A Virginia district court reversed the Trademark Trial and Appeal Board’s decision that Timex Group USA, Inc. (“Timex”) could not register the composite mark INTELLIGENT QUARTZ in connection with watches. The court granted Timex summary judgment, holding that the mark is suggestive and deserving of trademark protection.
In their intent-to-use application, Timex disclaimed QUARTZ as descriptive, as consumers understand a QUARTZ watch to mean “a watch that is operated by the vibrations of a quartz crystal controlled by a microcircuit.” Consequently the analysis of the nature of the mark, whether descriptive (and thus protectable only upon showing of secondary meaning, which Timex does not have as the application is an intent-to-use application) or suggestive (and thus protectable without a showing of secondary meaning), turned on the meaning of INTELLIGENT within the composite mark.

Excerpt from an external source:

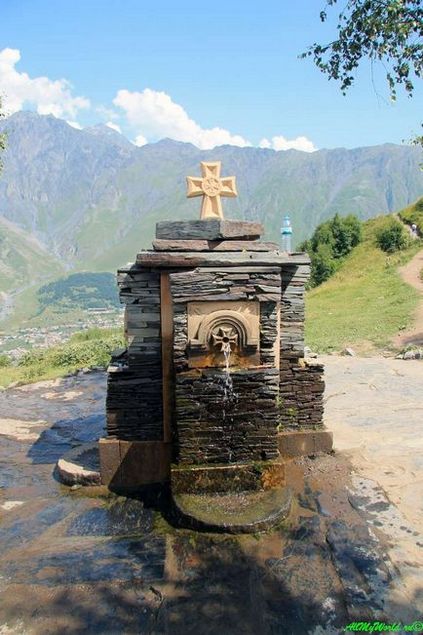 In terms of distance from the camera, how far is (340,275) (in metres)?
32.3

The Timex INTELLIGENT QUART watches contain a quartz crystal that oscillates to provide a time base for the computer chip, as in any other watch with a quartz component. The computer chip controls the watch’s other advanced features such as an altimeter, a compass, a depth gauge, a chronograph, or a calendar. As a result, the main question for the court was whether consumers would understand INTELLIGENT in the context of INTELLIGENT QUARTZ to refer to such a watch.
In deciding this question, the court employed two related tests. With the “imagination test,” the court asked whether the mark “stands for an idea which requires some operation of the imagination to connect it with the goods.” The court held that INTELLIGENT does not describe QUARTZ, because the quartz component of Timex watch is not controlled by a computer chip; the quartz crystal is not capable of engaging in any “intelligent” data processing or storage. Rather, the quartz crystal simply oscillates and provides a time base for the computer chip. Thus the court concluded that consumers must employ a degree of imagination and mental reasoning to deduce that Timex INTELLIGENT QUARTZ watches have a quartz component that is not controlled by a computer chip and that the chip instead controls other advanced features of the watch.
With the “competitors’ need test,” the court asked whether “the message conveyed by the mark about the goods or services is so direct and clear that competing sellers would be likely to need to use the term in describing their goods in advertising and promotion.” The court concluded that because INTELLIGENT did not describe QUARTZ, there was little need by competitors to use the composite mark to describe their watches.
After applying these two tests, the court granted summary judgment for Timex, holding that INTELLIGENT QUARTZ was indeed suggestive and protectable without a showing of secondary meaning. Time for Timex to celebrate.